Modernizing Data Sources Using Shims

At Target we’re always evolving our business to meet the needs of our guests and team members — which means we’re also always evolving how we build technology. But even though technologists work in an environment that is rapidly changing and advancing, it can often take a long time (sometimes even years) to get to a point where we can retire legacy systems. I wanted to dig into why and explore shimming as a solution to help.

Observation: Moving Data Sources Is Hard

Any coexistence period where old legacy systems and modernized solutions need to act in harmony can be challenging. While it’s relatively easy to build a new greenfield system from scratch, including all the engineering bells and whistles, trying to manage a rollout from the legacy system to the modern solution in your direct control is made more complicated when you are dealing with integrated systems — especially when you’re the data provider for other systems as well.

Complexities to consider:

Maintaining completeness of data. Most implementations of new systems are not a “big bang” overnight and as such, modern systems may not have 100% of the data on day one. This could be dragged out over months or years based on stakeholders’ readiness.
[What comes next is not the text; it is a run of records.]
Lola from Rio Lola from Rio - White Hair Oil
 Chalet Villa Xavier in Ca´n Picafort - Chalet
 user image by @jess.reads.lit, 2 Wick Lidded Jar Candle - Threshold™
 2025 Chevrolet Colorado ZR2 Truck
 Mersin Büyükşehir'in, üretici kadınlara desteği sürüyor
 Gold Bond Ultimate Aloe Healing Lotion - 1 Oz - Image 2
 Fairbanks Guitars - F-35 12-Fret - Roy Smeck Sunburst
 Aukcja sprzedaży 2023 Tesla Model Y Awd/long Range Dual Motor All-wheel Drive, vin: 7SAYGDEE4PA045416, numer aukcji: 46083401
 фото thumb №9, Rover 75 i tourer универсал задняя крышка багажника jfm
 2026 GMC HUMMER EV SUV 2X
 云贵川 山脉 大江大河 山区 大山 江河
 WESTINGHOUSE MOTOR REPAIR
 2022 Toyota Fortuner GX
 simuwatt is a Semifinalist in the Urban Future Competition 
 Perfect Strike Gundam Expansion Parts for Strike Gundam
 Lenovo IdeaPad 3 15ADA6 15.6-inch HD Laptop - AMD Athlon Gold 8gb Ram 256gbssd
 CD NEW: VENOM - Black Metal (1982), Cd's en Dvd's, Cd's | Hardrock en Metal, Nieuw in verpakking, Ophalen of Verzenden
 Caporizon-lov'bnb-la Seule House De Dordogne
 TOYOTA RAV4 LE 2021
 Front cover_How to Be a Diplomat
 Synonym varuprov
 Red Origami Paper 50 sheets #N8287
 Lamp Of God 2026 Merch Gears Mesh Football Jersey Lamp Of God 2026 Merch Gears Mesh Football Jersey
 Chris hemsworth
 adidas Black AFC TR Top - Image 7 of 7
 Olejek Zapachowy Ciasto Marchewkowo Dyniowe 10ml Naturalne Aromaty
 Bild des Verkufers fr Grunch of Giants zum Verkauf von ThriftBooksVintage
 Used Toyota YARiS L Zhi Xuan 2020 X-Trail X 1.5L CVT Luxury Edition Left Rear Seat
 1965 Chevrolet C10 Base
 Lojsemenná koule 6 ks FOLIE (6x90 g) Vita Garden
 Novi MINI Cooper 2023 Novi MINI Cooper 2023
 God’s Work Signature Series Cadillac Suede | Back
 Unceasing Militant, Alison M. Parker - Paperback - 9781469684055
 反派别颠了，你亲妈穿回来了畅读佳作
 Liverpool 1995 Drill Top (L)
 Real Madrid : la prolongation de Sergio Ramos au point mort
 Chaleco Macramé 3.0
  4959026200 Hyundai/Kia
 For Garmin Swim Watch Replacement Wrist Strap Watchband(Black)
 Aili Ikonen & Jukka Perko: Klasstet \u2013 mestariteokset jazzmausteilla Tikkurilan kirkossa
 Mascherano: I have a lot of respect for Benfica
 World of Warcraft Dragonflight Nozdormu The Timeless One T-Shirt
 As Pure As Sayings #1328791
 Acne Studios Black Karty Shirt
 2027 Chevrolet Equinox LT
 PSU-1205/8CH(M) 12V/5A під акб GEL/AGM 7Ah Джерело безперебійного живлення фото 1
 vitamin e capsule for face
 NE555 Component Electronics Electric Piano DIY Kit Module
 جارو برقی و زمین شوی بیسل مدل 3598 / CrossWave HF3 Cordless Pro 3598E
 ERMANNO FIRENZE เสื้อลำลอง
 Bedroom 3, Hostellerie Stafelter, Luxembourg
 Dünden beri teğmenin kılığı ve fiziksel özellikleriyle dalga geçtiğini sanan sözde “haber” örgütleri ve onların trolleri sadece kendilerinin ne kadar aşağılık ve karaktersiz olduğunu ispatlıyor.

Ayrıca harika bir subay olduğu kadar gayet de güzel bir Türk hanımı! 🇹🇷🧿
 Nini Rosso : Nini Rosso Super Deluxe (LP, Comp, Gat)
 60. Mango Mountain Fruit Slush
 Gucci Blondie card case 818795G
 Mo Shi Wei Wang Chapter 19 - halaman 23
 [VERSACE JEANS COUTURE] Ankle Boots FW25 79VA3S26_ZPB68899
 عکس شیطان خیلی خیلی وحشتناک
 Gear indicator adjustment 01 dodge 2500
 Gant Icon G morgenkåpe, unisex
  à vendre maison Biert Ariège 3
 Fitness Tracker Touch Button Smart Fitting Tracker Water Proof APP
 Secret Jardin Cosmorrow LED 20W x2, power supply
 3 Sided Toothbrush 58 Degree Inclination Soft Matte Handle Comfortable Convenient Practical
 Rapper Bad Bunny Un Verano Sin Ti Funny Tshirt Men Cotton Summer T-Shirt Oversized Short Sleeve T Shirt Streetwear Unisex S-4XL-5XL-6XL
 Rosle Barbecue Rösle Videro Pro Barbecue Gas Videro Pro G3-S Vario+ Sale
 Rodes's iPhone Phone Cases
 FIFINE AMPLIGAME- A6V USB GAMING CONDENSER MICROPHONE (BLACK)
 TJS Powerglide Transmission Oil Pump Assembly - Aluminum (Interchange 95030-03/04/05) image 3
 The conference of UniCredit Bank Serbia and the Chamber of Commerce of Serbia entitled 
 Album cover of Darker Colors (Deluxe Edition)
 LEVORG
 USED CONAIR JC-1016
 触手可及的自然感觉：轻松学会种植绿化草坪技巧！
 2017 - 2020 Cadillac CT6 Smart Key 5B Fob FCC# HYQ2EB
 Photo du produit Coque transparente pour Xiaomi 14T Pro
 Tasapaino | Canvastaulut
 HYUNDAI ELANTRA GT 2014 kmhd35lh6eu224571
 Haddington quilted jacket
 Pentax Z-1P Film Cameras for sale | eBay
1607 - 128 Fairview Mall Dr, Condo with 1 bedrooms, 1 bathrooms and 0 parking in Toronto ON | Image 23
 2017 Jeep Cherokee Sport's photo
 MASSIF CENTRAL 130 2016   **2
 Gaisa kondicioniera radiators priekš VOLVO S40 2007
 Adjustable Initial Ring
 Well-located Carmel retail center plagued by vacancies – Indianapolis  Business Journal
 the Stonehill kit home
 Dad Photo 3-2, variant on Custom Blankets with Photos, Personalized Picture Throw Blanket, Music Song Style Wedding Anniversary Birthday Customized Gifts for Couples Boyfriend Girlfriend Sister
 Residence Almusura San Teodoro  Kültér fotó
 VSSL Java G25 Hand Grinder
Redefining schemas of what new data sources look like. New systems are an exciting time to make things better but changing data formats or relationships can have a ripple effect on other systems and business functions.

Changing strategies in system integrations. This has certainly been true for us at Target! Point to point integrations and direct database access as a strategy serves a purpose in mainframe and monolith heydays, however this has now been replaced with a services-first modular architecture.

Motivating consuming systems to make the switch. They might not be eager to if they’re on a journey to modernize, as well. Who wants to work on the old codebase if it is going away?!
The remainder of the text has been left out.